▶ **Exercise brief**
From the first line to the last, reproduce the material exactly.

▶ **Provided entries**
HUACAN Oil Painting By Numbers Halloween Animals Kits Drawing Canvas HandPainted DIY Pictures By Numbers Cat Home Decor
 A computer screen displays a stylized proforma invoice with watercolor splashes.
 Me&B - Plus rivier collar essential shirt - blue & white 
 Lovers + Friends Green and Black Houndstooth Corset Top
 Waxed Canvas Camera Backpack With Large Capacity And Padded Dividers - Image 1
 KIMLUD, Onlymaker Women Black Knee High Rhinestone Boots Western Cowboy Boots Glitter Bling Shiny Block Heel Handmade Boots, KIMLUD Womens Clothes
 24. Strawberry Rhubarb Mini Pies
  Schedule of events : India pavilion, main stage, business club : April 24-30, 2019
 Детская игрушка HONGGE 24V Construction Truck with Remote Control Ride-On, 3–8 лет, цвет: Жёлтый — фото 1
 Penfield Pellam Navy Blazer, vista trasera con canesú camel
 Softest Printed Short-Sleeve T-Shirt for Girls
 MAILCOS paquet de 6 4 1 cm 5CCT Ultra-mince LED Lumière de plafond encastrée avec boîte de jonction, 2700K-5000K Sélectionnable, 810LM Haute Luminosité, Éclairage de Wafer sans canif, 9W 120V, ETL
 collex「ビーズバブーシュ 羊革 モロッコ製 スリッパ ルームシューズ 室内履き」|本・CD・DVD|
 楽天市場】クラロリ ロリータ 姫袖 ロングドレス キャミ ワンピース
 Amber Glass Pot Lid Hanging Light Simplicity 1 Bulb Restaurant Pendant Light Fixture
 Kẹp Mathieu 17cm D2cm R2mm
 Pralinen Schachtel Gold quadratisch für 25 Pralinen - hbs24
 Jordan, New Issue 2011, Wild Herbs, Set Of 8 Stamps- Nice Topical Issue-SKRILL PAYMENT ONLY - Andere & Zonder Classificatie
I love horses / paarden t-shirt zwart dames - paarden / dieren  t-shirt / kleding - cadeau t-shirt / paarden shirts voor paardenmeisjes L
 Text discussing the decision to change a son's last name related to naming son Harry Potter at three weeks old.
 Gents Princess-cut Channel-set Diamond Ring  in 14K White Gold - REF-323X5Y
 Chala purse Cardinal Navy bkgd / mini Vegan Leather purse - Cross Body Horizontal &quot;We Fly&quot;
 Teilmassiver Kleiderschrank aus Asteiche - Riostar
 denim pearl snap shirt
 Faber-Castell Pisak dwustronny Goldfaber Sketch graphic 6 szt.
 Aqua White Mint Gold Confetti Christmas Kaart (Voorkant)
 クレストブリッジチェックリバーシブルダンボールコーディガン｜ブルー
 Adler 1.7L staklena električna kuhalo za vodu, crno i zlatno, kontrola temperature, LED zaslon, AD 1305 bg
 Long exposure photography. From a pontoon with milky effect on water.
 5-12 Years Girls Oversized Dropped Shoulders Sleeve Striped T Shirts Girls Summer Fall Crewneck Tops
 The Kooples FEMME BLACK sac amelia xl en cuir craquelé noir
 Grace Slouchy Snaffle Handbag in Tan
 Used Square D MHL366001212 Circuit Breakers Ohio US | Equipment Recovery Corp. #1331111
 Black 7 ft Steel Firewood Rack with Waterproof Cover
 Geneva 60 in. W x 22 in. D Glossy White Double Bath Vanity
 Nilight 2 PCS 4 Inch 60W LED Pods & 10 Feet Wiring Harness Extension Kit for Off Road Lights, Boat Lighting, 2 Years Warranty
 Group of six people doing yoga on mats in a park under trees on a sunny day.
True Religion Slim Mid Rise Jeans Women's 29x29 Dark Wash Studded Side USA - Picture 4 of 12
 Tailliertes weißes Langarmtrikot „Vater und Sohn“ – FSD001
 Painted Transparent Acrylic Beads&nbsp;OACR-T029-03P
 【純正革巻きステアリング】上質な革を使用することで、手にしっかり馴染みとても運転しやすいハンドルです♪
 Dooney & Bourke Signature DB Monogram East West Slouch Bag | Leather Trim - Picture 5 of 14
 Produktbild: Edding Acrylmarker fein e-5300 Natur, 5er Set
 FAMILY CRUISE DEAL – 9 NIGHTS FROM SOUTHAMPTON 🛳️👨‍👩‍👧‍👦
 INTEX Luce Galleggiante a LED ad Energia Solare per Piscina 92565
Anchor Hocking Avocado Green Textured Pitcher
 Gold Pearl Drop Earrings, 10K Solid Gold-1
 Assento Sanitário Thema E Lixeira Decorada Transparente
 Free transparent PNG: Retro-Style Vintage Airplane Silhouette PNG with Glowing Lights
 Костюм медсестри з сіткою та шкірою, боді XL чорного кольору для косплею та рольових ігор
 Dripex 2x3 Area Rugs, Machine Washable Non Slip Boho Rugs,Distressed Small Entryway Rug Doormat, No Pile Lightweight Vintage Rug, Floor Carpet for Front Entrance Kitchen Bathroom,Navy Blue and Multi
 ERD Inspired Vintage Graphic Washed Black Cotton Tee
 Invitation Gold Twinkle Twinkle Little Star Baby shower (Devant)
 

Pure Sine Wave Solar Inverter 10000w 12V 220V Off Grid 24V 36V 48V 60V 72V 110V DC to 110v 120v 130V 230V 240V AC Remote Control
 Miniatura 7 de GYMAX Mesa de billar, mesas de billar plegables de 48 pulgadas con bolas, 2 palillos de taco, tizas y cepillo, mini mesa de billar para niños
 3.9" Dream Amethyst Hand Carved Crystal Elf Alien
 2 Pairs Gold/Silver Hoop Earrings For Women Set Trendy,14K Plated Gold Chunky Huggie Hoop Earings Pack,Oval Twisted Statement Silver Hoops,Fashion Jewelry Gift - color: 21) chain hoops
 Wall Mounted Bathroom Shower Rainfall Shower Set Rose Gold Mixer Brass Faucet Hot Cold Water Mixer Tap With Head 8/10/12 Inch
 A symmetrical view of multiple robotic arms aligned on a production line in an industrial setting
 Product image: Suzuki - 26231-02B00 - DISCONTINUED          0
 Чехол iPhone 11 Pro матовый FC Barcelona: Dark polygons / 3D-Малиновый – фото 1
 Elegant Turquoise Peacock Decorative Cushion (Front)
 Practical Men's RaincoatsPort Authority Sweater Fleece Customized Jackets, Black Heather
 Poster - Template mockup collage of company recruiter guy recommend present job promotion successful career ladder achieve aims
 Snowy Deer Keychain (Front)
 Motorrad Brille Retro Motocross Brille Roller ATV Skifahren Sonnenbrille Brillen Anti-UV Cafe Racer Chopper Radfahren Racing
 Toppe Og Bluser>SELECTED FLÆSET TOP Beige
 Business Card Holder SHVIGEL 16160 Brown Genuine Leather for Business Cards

▶ **Solution**
HUACAN Oil Painting By Numbers Halloween Animals Kits Drawing Canvas HandPainted DIY Pictures By Numbers Cat Home Decor
 A computer screen displays a stylized proforma invoice with watercolor splashes.
 Me&B - Plus rivier collar essential shirt - blue & white 
 Lovers + Friends Green and Black Houndstooth Corset Top
 Waxed Canvas Camera Backpack With Large Capacity And Padded Dividers - Image 1
 KIMLUD, Onlymaker Women Black Knee High Rhinestone Boots Western Cowboy Boots Glitter Bling Shiny Block Heel Handmade Boots, KIMLUD Womens Clothes
 24. Strawberry Rhubarb Mini Pies
  Schedule of events : India pavilion, main stage, business club : April 24-30, 2019
 Детская игрушка HONGGE 24V Construction Truck with Remote Control Ride-On, 3–8 лет, цвет: Жёлтый — фото 1
 Penfield Pellam Navy Blazer, vista trasera con canesú camel
 Softest Printed Short-Sleeve T-Shirt for Girls
 MAILCOS paquet de 6 4 1 cm 5CCT Ultra-mince LED Lumière de plafond encastrée avec boîte de jonction, 2700K-5000K Sélectionnable, 810LM Haute Luminosité, Éclairage de Wafer sans canif, 9W 120V, ETL
 collex「ビーズバブーシュ 羊革 モロッコ製 スリッパ ルームシューズ 室内履き」|本・CD・DVD|
 楽天市場】クラロリ ロリータ 姫袖 ロングドレス キャミ ワンピース
 Amber Glass Pot Lid Hanging Light Simplicity 1 Bulb Restaurant Pendant Light Fixture
 Kẹp Mathieu 17cm D2cm R2mm
 Pralinen Schachtel Gold quadratisch für 25 Pralinen - hbs24
 Jordan, New Issue 2011, Wild Herbs, Set Of 8 Stamps- Nice Topical Issue-SKRILL PAYMENT ONLY - Andere & Zonder Classificatie
I love horses / paarden t-shirt zwart dames - paarden / dieren  t-shirt / kleding - cadeau t-shirt / paarden shirts voor paardenmeisjes L
 Text discussing the decision to change a son's last name related to naming son Harry Potter at three weeks old.
 Gents Princess-cut Channel-set Diamond Ring  in 14K White Gold - REF-323X5Y
 Chala purse Cardinal Navy bkgd / mini Vegan Leather purse - Cross Body Horizontal &quot;We Fly&quot;
 Teilmassiver Kleiderschrank aus Asteiche - Riostar
 denim pearl snap shirt
 Faber-Castell Pisak dwustronny Goldfaber Sketch graphic 6 szt.
 Aqua White Mint Gold Confetti Christmas Kaart (Voorkant)
 クレストブリッジチェックリバーシブルダンボールコーディガン｜ブルー
 Adler 1.7L staklena električna kuhalo za vodu, crno i zlatno, kontrola temperature, LED zaslon, AD 1305 bg
 Long exposure photography. From a pontoon with milky effect on water.
 5-12 Years Girls Oversized Dropped Shoulders Sleeve Striped T Shirts Girls Summer Fall Crewneck Tops
 The Kooples FEMME BLACK sac amelia xl en cuir craquelé noir
 Grace Slouchy Snaffle Handbag in Tan
 Used Square D MHL366001212 Circuit Breakers Ohio US | Equipment Recovery Corp. #1331111
 Black 7 ft Steel Firewood Rack with Waterproof Cover
 Geneva 60 in. W x 22 in. D Glossy White Double Bath Vanity
 Nilight 2 PCS 4 Inch 60W LED Pods & 10 Feet Wiring Harness Extension Kit for Off Road Lights, Boat Lighting, 2 Years Warranty
 Group of six people doing yoga on mats in a park under trees on a sunny day.
True Religion Slim Mid Rise Jeans Women's 29x29 Dark Wash Studded Side USA - Picture 4 of 12
 Tailliertes weißes Langarmtrikot „Vater und Sohn“ – FSD001
 Painted Transparent Acrylic Beads&nbsp;OACR-T029-03P
 【純正革巻きステアリング】上質な革を使用することで、手にしっかり馴染みとても運転しやすいハンドルです♪
 Dooney & Bourke Signature DB Monogram East West Slouch Bag | Leather Trim - Picture 5 of 14
 Produktbild: Edding Acrylmarker fein e-5300 Natur, 5er Set
 FAMILY CRUISE DEAL – 9 NIGHTS FROM SOUTHAMPTON 🛳️👨‍👩‍👧‍👦
 INTEX Luce Galleggiante a LED ad Energia Solare per Piscina 92565
Anchor Hocking Avocado Green Textured Pitcher
 Gold Pearl Drop Earrings, 10K Solid Gold-1
 Assento Sanitário Thema E Lixeira Decorada Transparente
 Free transparent PNG: Retro-Style Vintage Airplane Silhouette PNG with Glowing Lights
 Костюм медсестри з сіткою та шкірою, боді XL чорного кольору для косплею та рольових ігор
 Dripex 2x3 Area Rugs, Machine Washable Non Slip Boho Rugs,Distressed Small Entryway Rug Doormat, No Pile Lightweight Vintage Rug, Floor Carpet for Front Entrance Kitchen Bathroom,Navy Blue and Multi
 ERD Inspired Vintage Graphic Washed Black Cotton Tee
 Invitation Gold Twinkle Twinkle Little Star Baby shower (Devant)
 

Pure Sine Wave Solar Inverter 10000w 12V 220V Off Grid 24V 36V 48V 60V 72V 110V DC to 110v 120v 130V 230V 240V AC Remote Control
 Miniatura 7 de GYMAX Mesa de billar, mesas de billar plegables de 48 pulgadas con bolas, 2 palillos de taco, tizas y cepillo, mini mesa de billar para niños
 3.9" Dream Amethyst Hand Carved Crystal Elf Alien
 2 Pairs Gold/Silver Hoop Earrings For Women Set Trendy,14K Plated Gold Chunky Huggie Hoop Earings Pack,Oval Twisted Statement Silver Hoops,Fashion Jewelry Gift - color: 21) chain hoops
 Wall Mounted Bathroom Shower Rainfall Shower Set Rose Gold Mixer Brass Faucet Hot Cold Water Mixer Tap With Head 8/10/12 Inch
 A symmetrical view of multiple robotic arms aligned on a production line in an industrial setting
 Product image: Suzuki - 26231-02B00 - DISCONTINUED          0
 Чехол iPhone 11 Pro матовый FC Barcelona: Dark polygons / 3D-Малиновый – фото 1
 Elegant Turquoise Peacock Decorative Cushion (Front)
 Practical Men's RaincoatsPort Authority Sweater Fleece Customized Jackets, Black Heather
 Poster - Template mockup collage of company recruiter guy recommend present job promotion successful career ladder achieve aims
 Snowy Deer Keychain (Front)
 Motorrad Brille Retro Motocross Brille Roller ATV Skifahren Sonnenbrille Brillen Anti-UV Cafe Racer Chopper Radfahren Racing
 Toppe Og Bluser>SELECTED FLÆSET TOP Beige
 Business Card Holder SHVIGEL 16160 Brown Genuine Leather for Business Cards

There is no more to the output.